The money is part of a FEMA allocation of more than $41.5 million in funding to Florida, Georgia and South Carolina for long-term projects that will make local communities more resilient to disasters.

“This funding is part of the more than $137 million that FEMA announced for more than 50 projects nationwide,” FEMA officials said in a release issued Monday. “Under DHS Secretary Markwayne Mullin’s leadership, FEMA is working diligently to address a backlog of funding requests.

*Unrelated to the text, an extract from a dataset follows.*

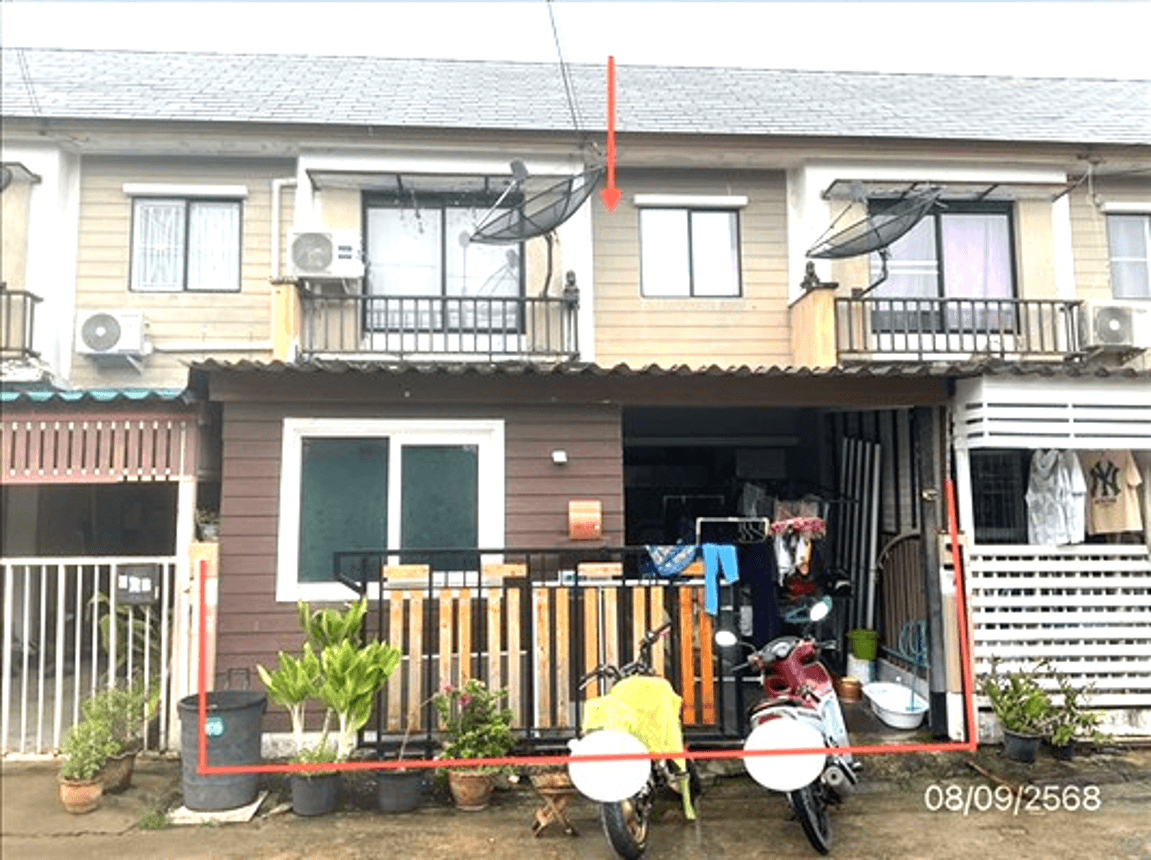 ทาวน์เฮ้าส์ บ้านพฤกษา 58/1 ลาดกระบัง-สุวรรณภูมิ ศีรษะจรเข้น้อย บางเสาธง สมุทรปราการ 3 ห้องนอน 108 ตร.ม. ทำเลดีใกล้สนามบินสุวรรณภูมิ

Even 69 days into the current lapse in appropriations, the longest ever in U.S history, DHS and FEMA are delivering resources to states across the country.”

Other FEMA projects recently approved across the Southeast include:

• $7.4 million to Charlotte County to design hurricane safe rooms and provide backup power to the county’s leachate waste plant and landfill.

• $3 million to Fort Myers to install a generator at a fire station, provide backup power at the South Advanced Wastewater Treatment Plant and for the design and engineering phase of a plan to reduce downtown flooding.

• $1.4 million to the state of Georgia for 12 generators in Baldwin and Muscogee counties.

• $664,470 to South Carolina’s Marco Rural Water Company to relocate existing water lines.

These awards are from FEMA’s Hazard Mitigation Grant Program, which empowers states, local governments, tribal nations and territories to complete activities and projects that prevent, eliminate, or reduce disaster-related damage.

FEMA will provide the funding to the states to disburse to local governments.